═════ Data excerpts
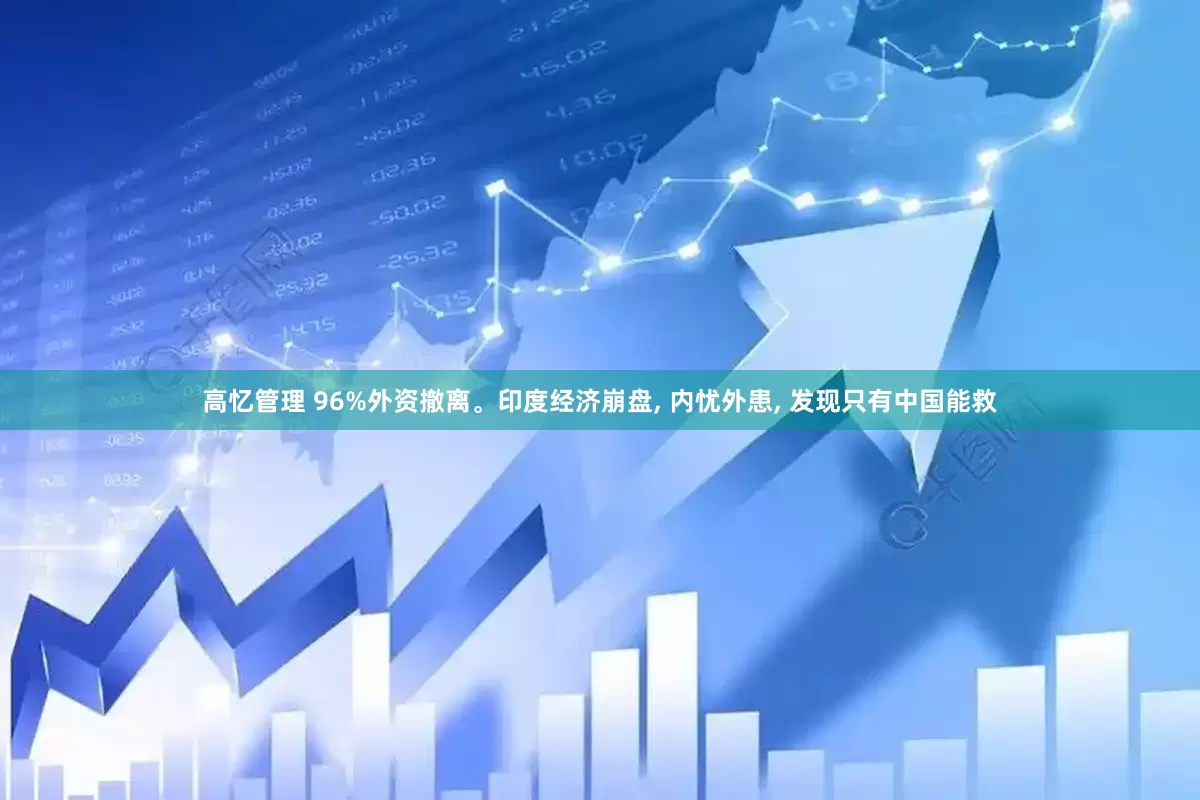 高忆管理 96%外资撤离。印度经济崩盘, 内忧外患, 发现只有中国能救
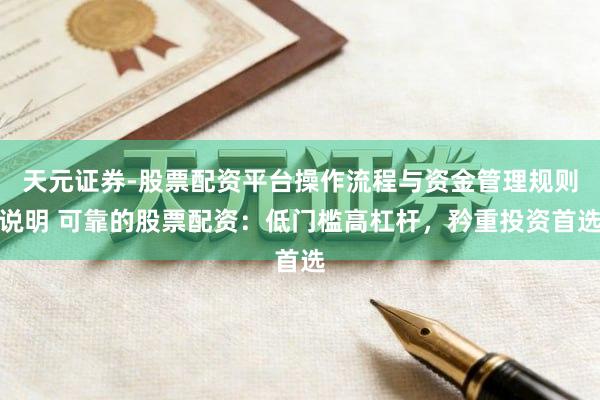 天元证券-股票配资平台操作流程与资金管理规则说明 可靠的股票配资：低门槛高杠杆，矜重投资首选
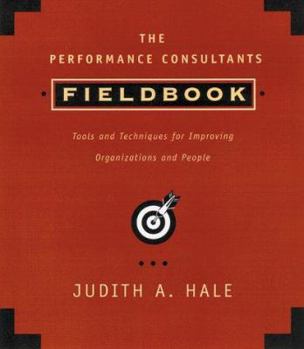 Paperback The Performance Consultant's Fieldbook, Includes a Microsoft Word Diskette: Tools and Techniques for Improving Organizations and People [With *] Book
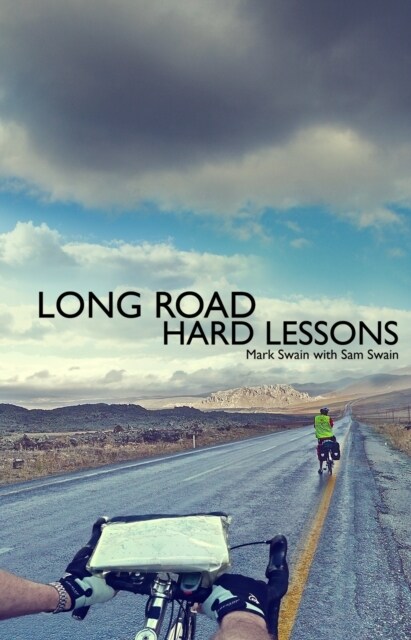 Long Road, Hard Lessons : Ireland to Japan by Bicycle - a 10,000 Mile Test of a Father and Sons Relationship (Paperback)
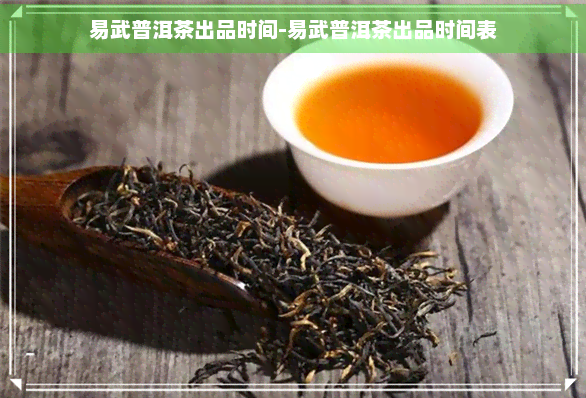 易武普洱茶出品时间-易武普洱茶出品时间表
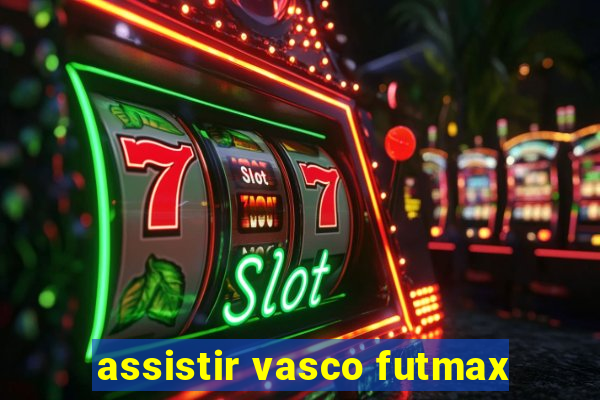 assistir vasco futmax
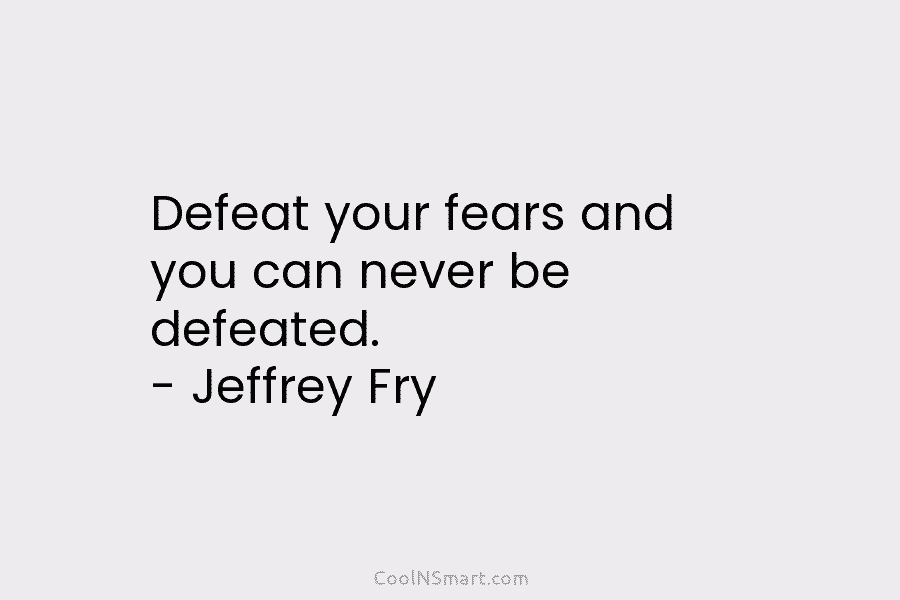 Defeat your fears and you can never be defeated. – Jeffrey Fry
══════════
What the task requires → Every line of the data above should be quoted exactly. Omit the pictures.

Response to this task →
 高忆管理 96%外资撤离。印度经济崩盘, 内忧外患, 发现只有中国能救
 天元证券-股票配资平台操作流程与资金管理规则说明 可靠的股票配资：低门槛高杠杆，矜重投资首选
 Paperback The Performance Consultant's Fieldbook, Includes a Microsoft Word Diskette: Tools and Techniques for Improving Organizations and People [With *] Book
 Long Road, Hard Lessons : Ireland to Japan by Bicycle - a 10,000 Mile Test of a Father and Sons Relationship (Paperback)
 易武普洱茶出品时间-易武普洱茶出品时间表
 assistir vasco futmax
 Defeat your fears and you can never be defeated. – Jeffrey Fry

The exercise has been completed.